Deux raisons expliquent ce désir d'expansion. D'une part, les locaux inaugurés en 2021 sur la rue Saint-Vallier ne suffisent pas à répondre à la demande.

Le nombre d'usagers a doublé en seulement deux ans de service pour le centre d'injection supervisée de Québec. La Santé publique envisage maintenant d'en ouvrir plusieurs autres pour tenter de diminuer les surdoses mortelles dans la région. Au rythme où évolue cette situation alarmante, leur nombre pourrait atteindre un record cette année. Reportage de Louis-Simon Lapointe
À L'Interzone, il y a cinq cubicules
, constate la Dre Lambert-Slythe. C'est trop petit pour le nombre de personnes qu'on accueille.
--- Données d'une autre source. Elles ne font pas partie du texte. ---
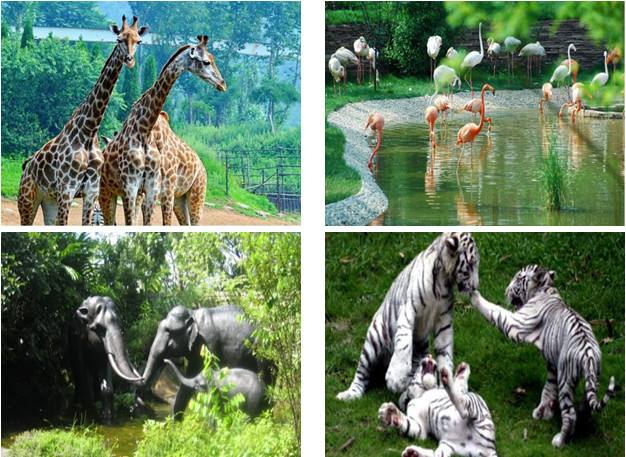 大连景点推荐冬天,大连东港旅游景点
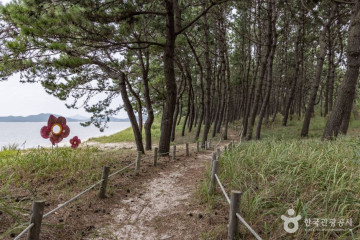 기점·소악도 여행 추천 - 메고지고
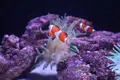 すみだ水族館の写真_649373
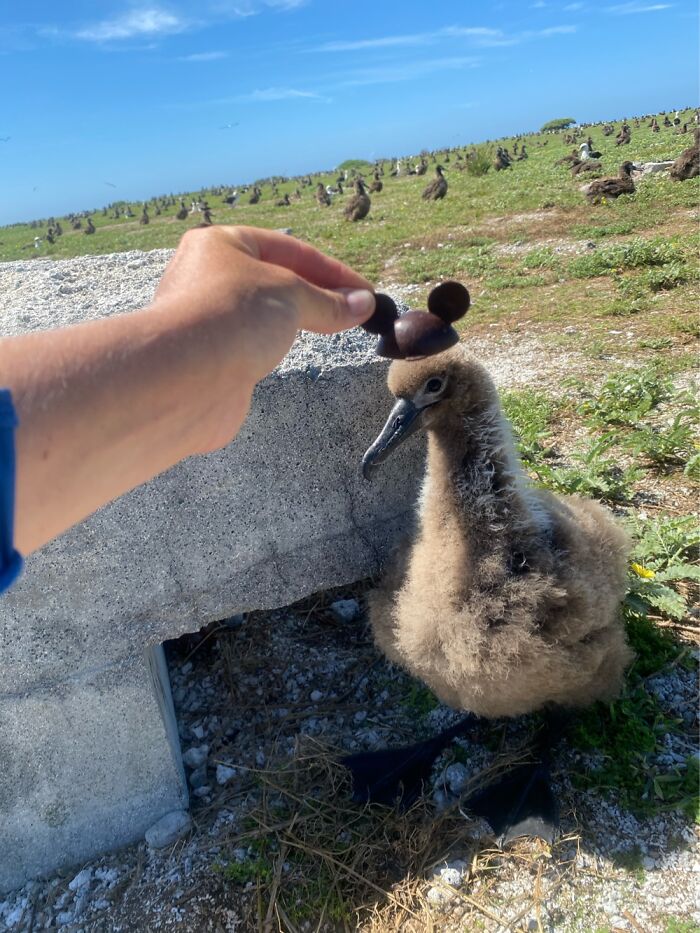 I Took Picture Of Birds With Mickey Mouse Hats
Ensuite, L'Interzone peine à joindre une clientèle située à l'extérieur du centre-ville, dans Portneuf et en périphérie, par exemple.
Le CIUSSS
de la Capitale-Nationale et la coopérative de solidarité SABSA (Service à bas seuil d'accessibilité), qui dirigent le centre de consommation de la rue Saint-Vallier, se penchent sur la question.On ignore quelle forme prendraient ces nouveaux centres, s'ils seraient mobiles ou situés à un endroit fixe.
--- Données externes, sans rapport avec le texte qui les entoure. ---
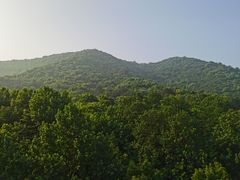 -杭州半山国家森林公园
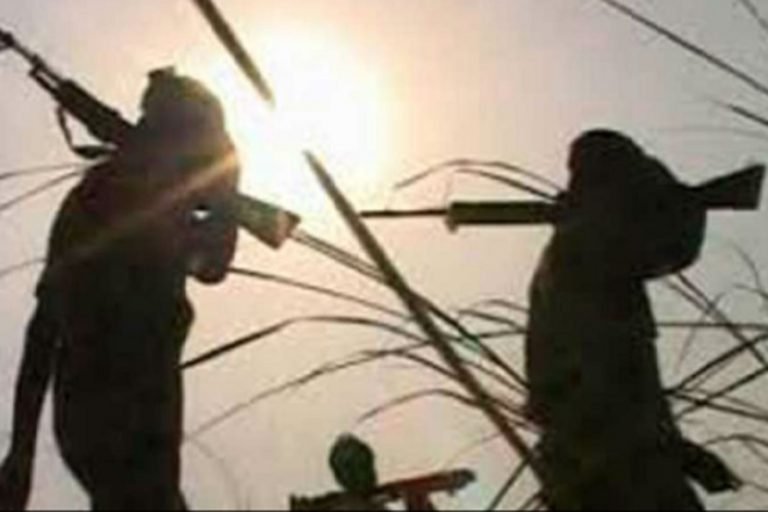 सलवा जुडूम में शामिल रहे पुलिस के सहायक आरक्षक की नक्सलियों ने की हत्या, जांच शुरू Naxals killed assistant police constable involved in Salwa Judum, investigation begins | bijapur – News in Hindi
Obtenir une exemption auprès de Santé Canada, qui permet aux utilisateurs de consommer des drogues sans craindre d'être arrêtés par la police, est un processus long et complexe, précise la Dre Lambert-Slythe.
Il y a des comités de réflexion qui sont en place présentement pour évaluer les besoins de la clientèle et se pencher sur l'évolution de [la situation] dans la ville de Québec
, explique Emmanuelle Lapointe, directrice par intérim de la coopérative SABSA . Prudente, elle précise toutefois qu’il est trop tôt à ce stade-ci pour déterminer si le tout ira de l’avant.
Situation « inquiétante »
Chose certaine, depuis l'ouverture du centre au printemps 2021, les besoins n'ont cessé d'augmenter, selon les intervenantes.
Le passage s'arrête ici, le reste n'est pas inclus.